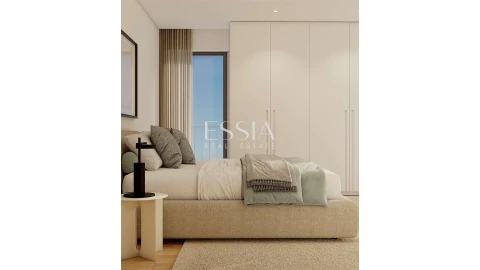 Apartamento T3 para Venda em Campanhã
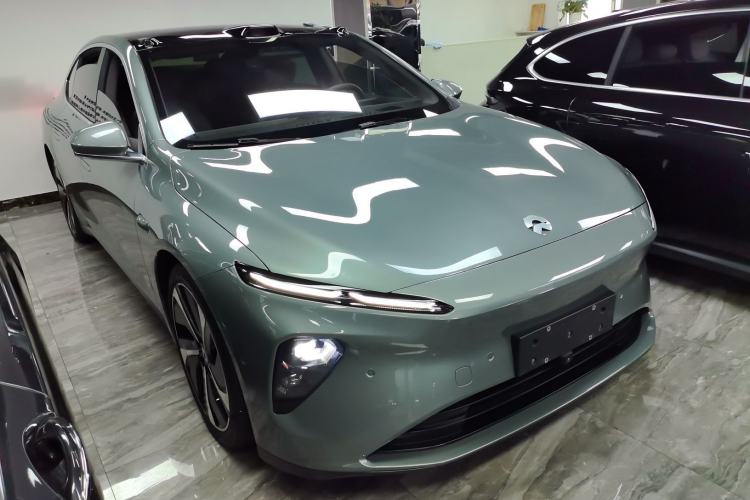 Used Nio ET7 2022 100kWh First Edition
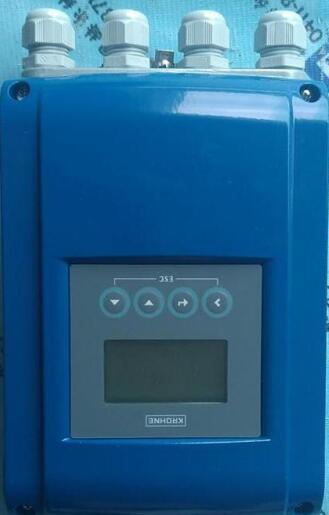 Krohne
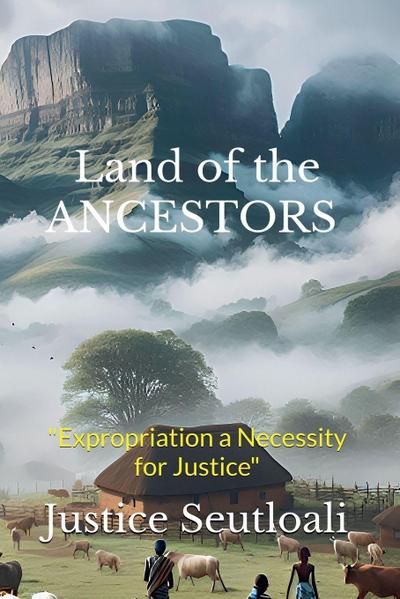 Land of the ANCESTORS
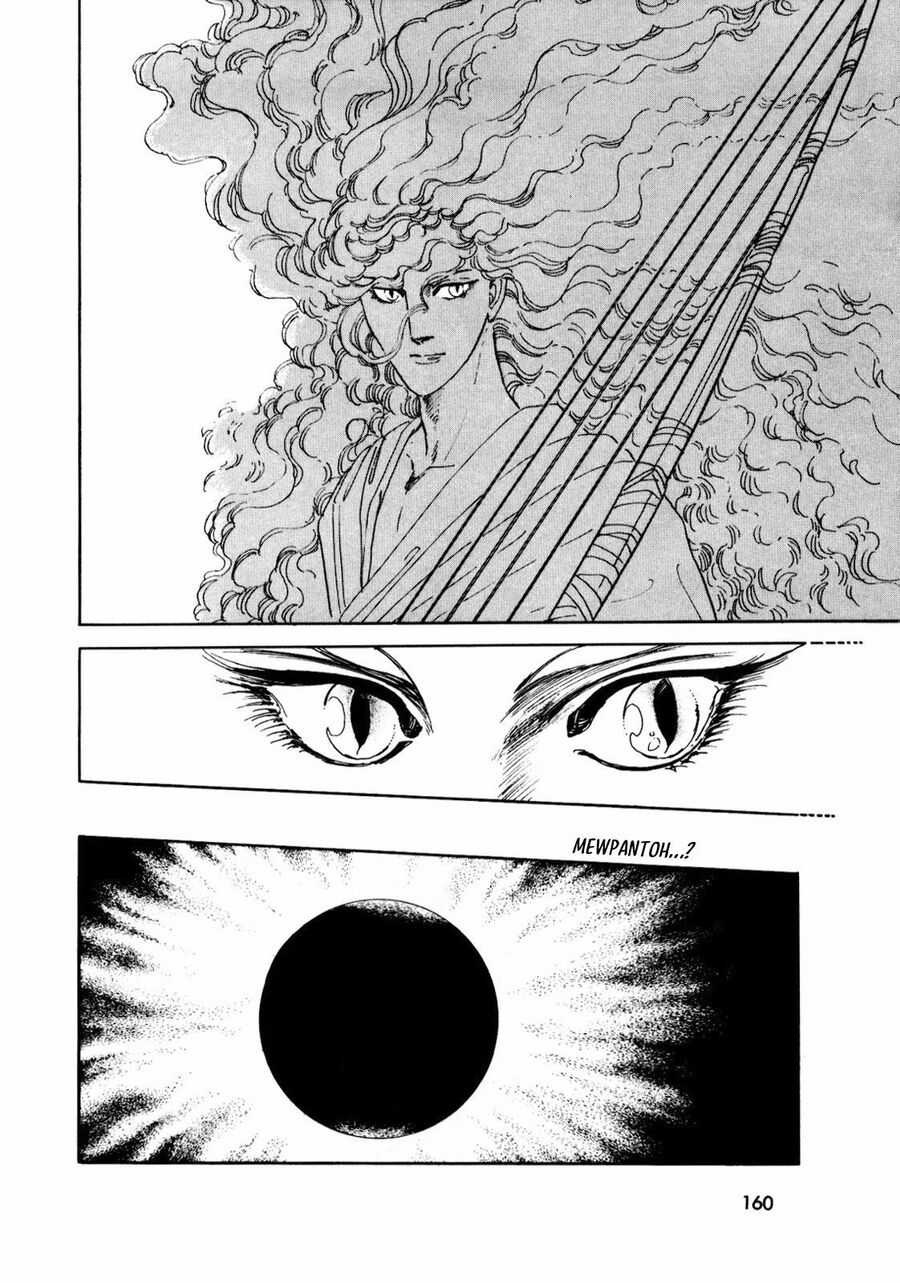 Tam Giác Bạc - Chapter 10 - Trang 8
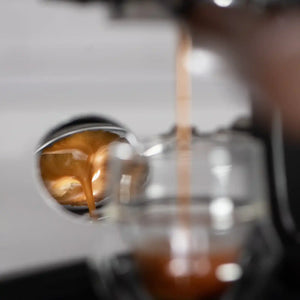 Oglinda articulata Flair pentru shot espresso - Coffee Gear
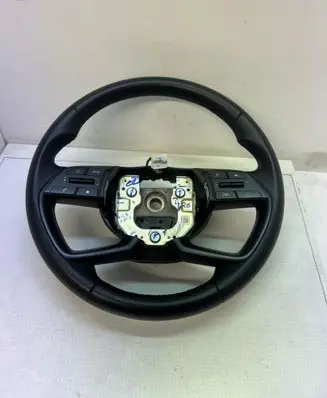 Hyundai i20 (BC3 BI3) Steering wheel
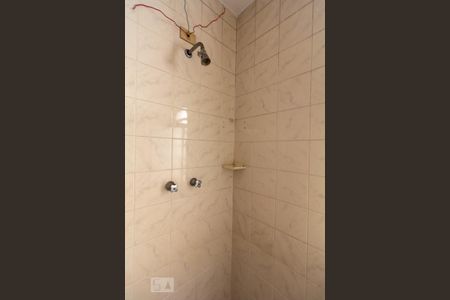 Casa à venda com 250m², 4 quartos e 3 vagasDetalhe Chuveiro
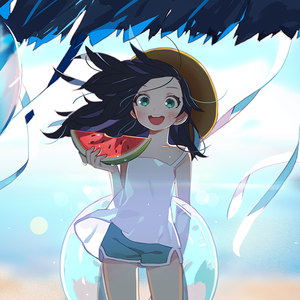 [夏日]-欢快二次元beat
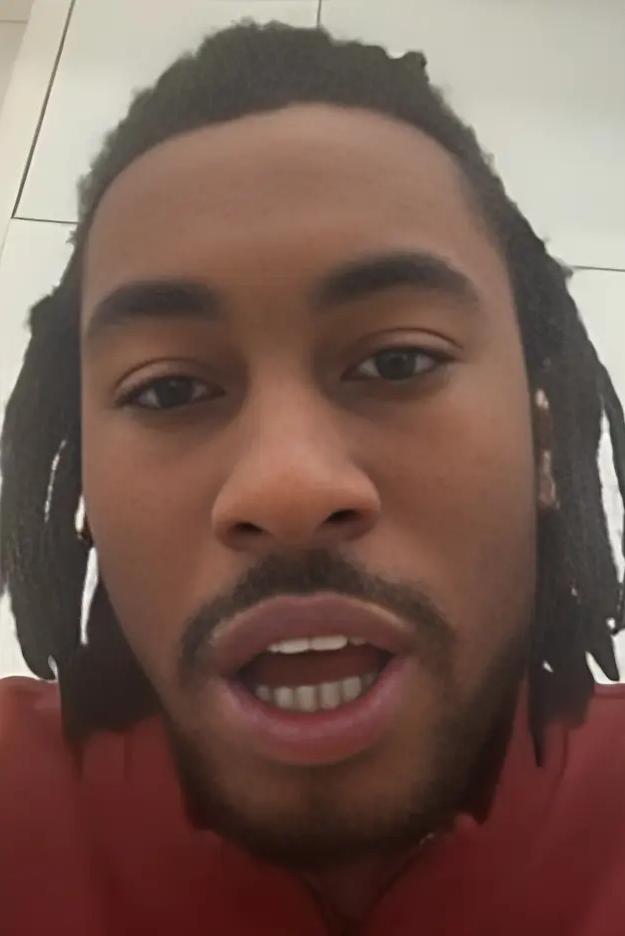 Chicago Bulls Cut Jaden Ivey After Anti-LGBTQ Videos Surface on Social Media | VIDEO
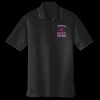 Dry Zone UV Mesh Tipped Polo Thumbnail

++++++

-- Task description --
Set down the entries shown above once more, exactly as they read, but without pictures.

-- Solution for this problem --
 Apartamento T3 para Venda em Campanhã
 Used Nio ET7 2022 100kWh First Edition
 Krohne
 Land of the ANCESTORS
 Tam Giác Bạc - Chapter 10 - Trang 8
 Oglinda articulata Flair pentru shot espresso - Coffee Gear
 Hyundai i20 (BC3 BI3) Steering wheel
 Casa à venda com 250m², 4 quartos e 3 vagasDetalhe Chuveiro
 [夏日]-欢快二次元beat
 Chicago Bulls Cut Jaden Ivey After Anti-LGBTQ Videos Surface on Social Media | VIDEO
 Dry Zone UV Mesh Tipped Polo Thumbnail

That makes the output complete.